Regular Expressions
Regular expression searching provides a way to search for advanced combinations of characters. A regular expression included in a search request must be quoted and must begin with ##.
Examples:
Apple and "##199[0-9]"
Apple and "##19[0-9]+"
In addition to searching, dtSearch can use regular expressions in File Segmentation and Text Fields rules.
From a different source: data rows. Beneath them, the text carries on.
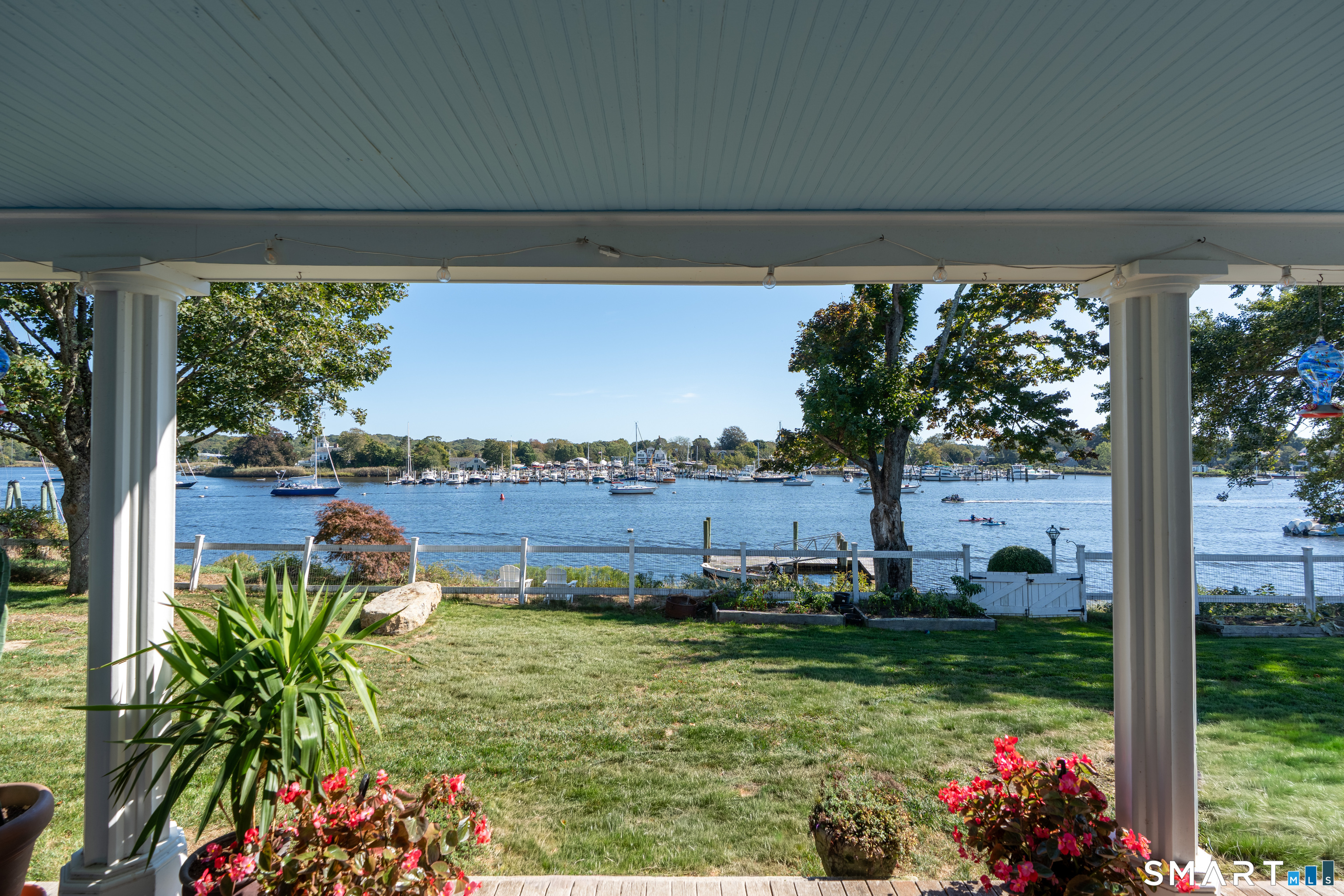 417 River Road Stonington, CT 06379 - Photo 6 of 36 Gallery Image 6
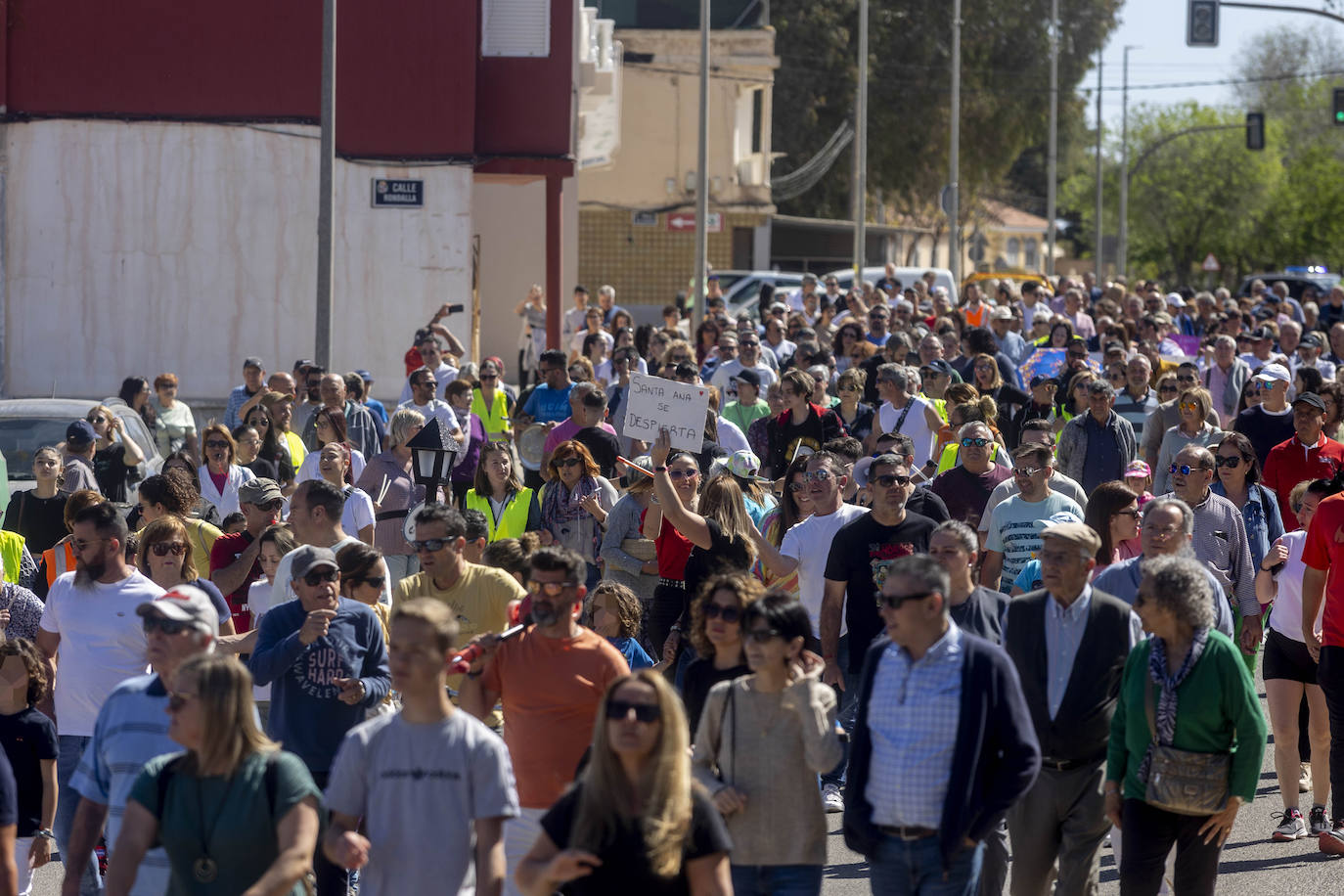 Los vecinos de Santa Ana exigen en la calle más servicios e infraestructuras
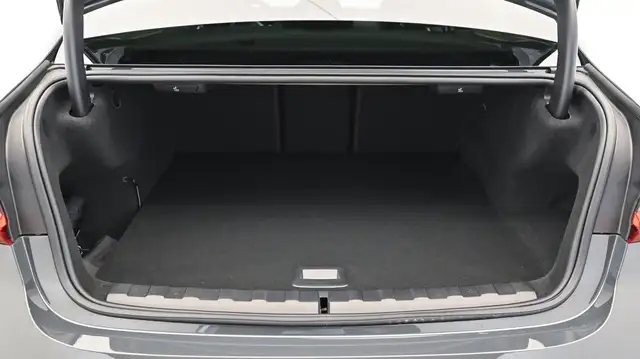 BMW 3 Series view 5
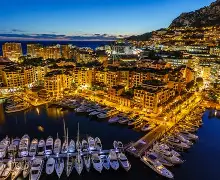 摩纳哥队长卡马文顿表现不俗，全方位发力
Special characters in a regular expression are:
Regular expression |
Effect |
---|---|
. (period) |
Matches any single character. Example: "sampl." would match "sample" or "samplZ" |
\ |
Treat next character literally. Example: in "\$100", the \ indicates that the pattern is "$100", not end-of-line ($) followed by "100" |
[abc] |
Brackets indicate a set of characters, one of which must be present. For example, "sampl[ae]" would match "sample" or "sampla", but not "samplx" |
[a-z] |
Inside brackets, a dash indicates a range of characters. For example, "[a-z]" matches any single lower-case letter. |
[^a-z] |
Indicates any character except the ones in the bracketed range. |
.* (period, asterisk) |
An asterisk means "0 or more" of something, so .* would match any string of characters, or nothing |
.+ (period, plus) |
A plus means "1 or more" of something, so .+ would match any string of at least one character |
[a-z]+ |
Any sequence of one or more lower-case letters. |
dtSearch uses the TR1 implementation of regular expressions, which provides many capabilities beyond what is described above.
Limitations
(1) A regular expression must match a single whole word. For example, a search for "##app.*ie" would not find "apple pie".
(2) Only letters are searchable. Characters that are not indexed as letters are not searchable even using regular expressions, because the index does not contain any information about them.
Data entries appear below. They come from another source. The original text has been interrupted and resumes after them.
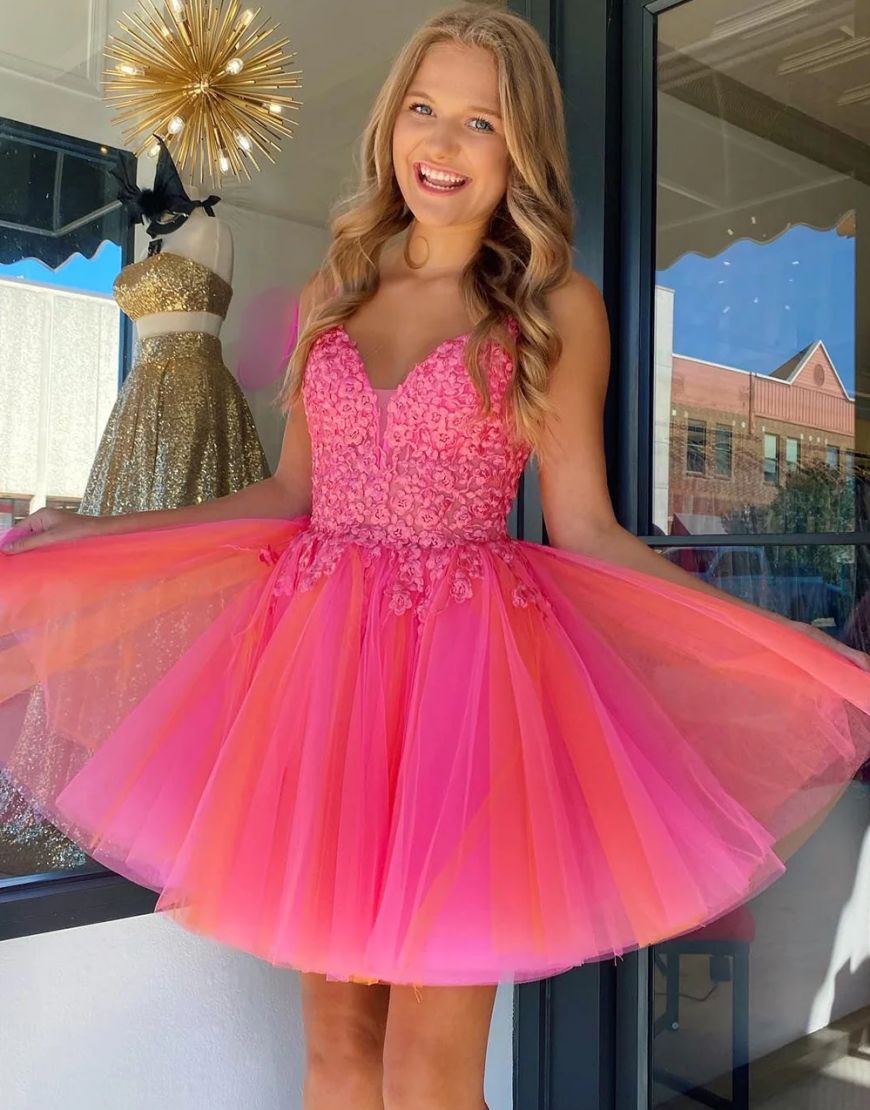 Luolandi Lovely A-Line Sleeveless Short Tulle Homecoming Dress with Appliques
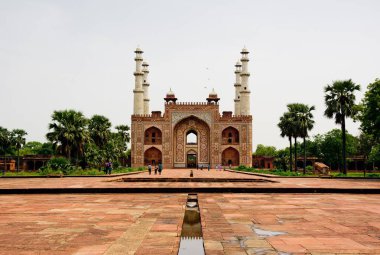 AGRA, Hindistan - 17 Temmuz 2013: Büyük Akbar 'ın Mezarı, Agra, Hindistan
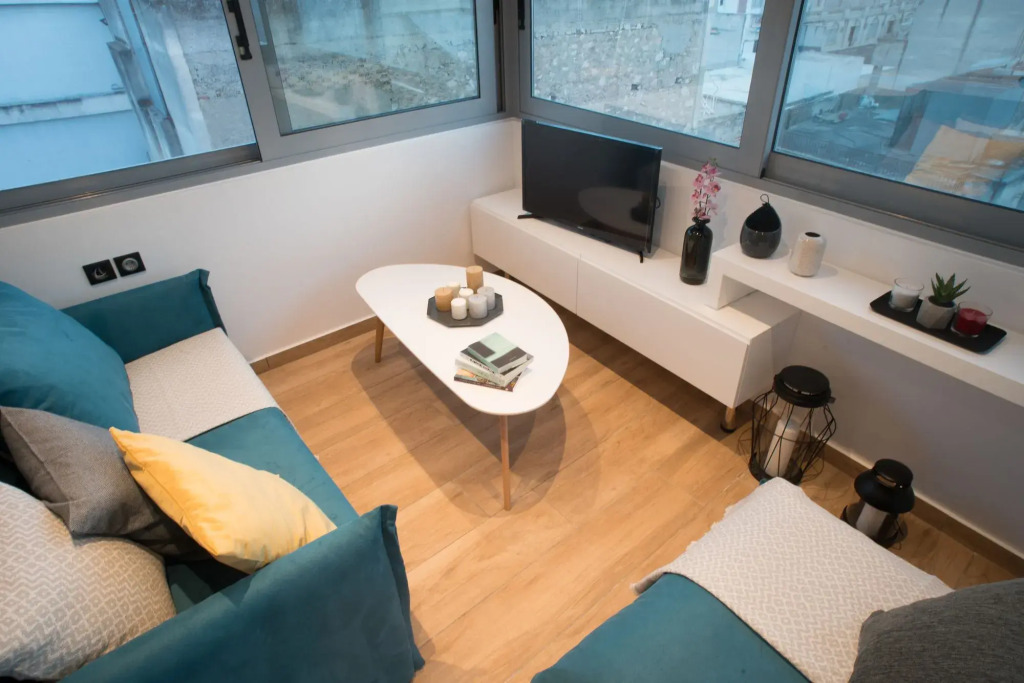 Kyveli Luxury Suites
(3) Because the dtSearch index does not store information about line breaks, searches that include begining-of-line or end-of-line regular expression criteria (^ and $) will not work.
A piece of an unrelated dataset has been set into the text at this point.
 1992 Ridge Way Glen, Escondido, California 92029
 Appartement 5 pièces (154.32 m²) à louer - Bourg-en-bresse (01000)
(4) No case or other conversion is done on regular expressions, so a regular expression must match the case of the information stored in the index. If an index is case-insensitive, all letters in the regular expression must be lower-case. If a character is not searchable in the index, then it cannot be included as a searchable character in the regular expression. Non-searchable characters in a regular expression are not ignored as they are in other search expressions.
Performance
A regular expression is like the * wildcard character in its effect on search speed: the closer to the front of a word the expression is, the more it will slow searching. "appl.*" will be nearly as fast as "apple", while ".*pple" will be much slower.
Searching for numbers
The = wildcard, which matches a single digit, is faster than regular expressions for matching patterns of numbers. For example, to search for a social security number, you could use "=== == ====" instead of the equivalent regular expression.